Accident and Emergency Services at Queen's Hospital

Streaming and Urgent Treatment, Emergency Department and Ambulance Receiving Centre.

At the end of September 2022, Healthwatch Havering carried out an Enter and View visit to the Accident and Emergency (A&E) Services at Queen's Hospital, Romford.

Although the main Emergency Department is provided by the hospital trust, Barking, Havering and Redbridge University Hospitals Trust (BHRUT), A&E services also include a Streaming and Urgent Treatment centre (provided by PELC - the Partnership of East London Co-operatives) and the Ambulance Receiving Centre (provided by the London Ambulance Service -LAS). Healthwatch visited all three centres.

The full report of the visit is now available - see below...
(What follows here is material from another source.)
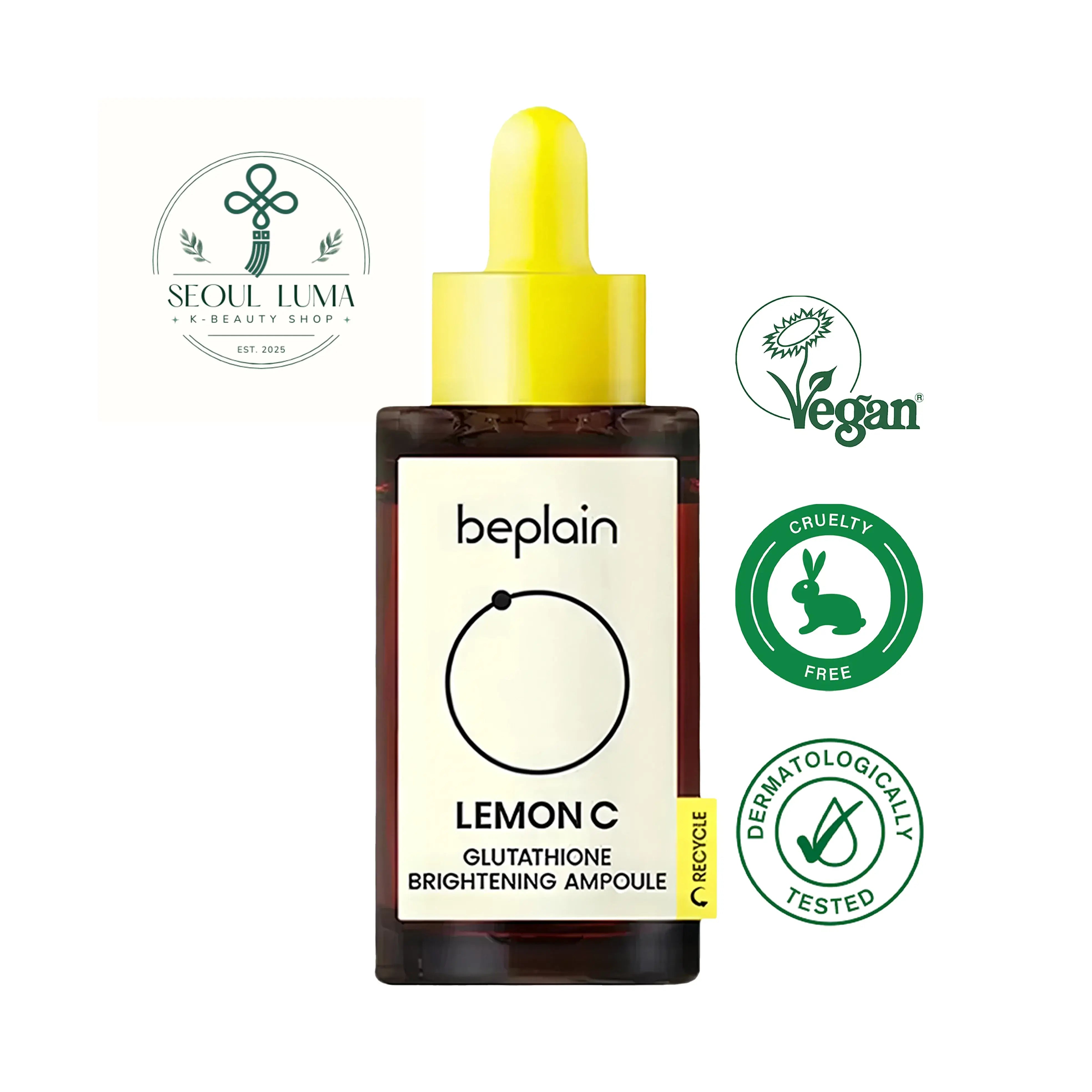 BEPLAIN Lemon C Glutathione Brightening Ampoule with fresh Jeju lemon juice, glutathione, vitamin C derivatives, and gentle acids for skin tone improvement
The physical environment of Accident & Emergency Services at Queen’s Hospital has changed – mainly positively – beyond recognition since before the Covid pandemic. Despite the air of temporary arrangements that the Streaming area presents in the main Atrium of Queen’s Hospital, it is a great improvement on what went before; and the ground-breaking Ambulance Receiving Centre means that patients arriving by ambulance for whom immediate treatment is not required, can be looked after in a better way than simply waiting in the vehicle until they can be seen.
It is obvious that all these arrangements are not permanent and that pressure on accommodation within the hospital means that these centres and services must inevitably compete with others for access to the spaces that are available. But equally, it is to be hoped that the improvements that have been made will be retained, if not built upon, in the more permanent arrangements that will follow once the Covid pandemic is fully over.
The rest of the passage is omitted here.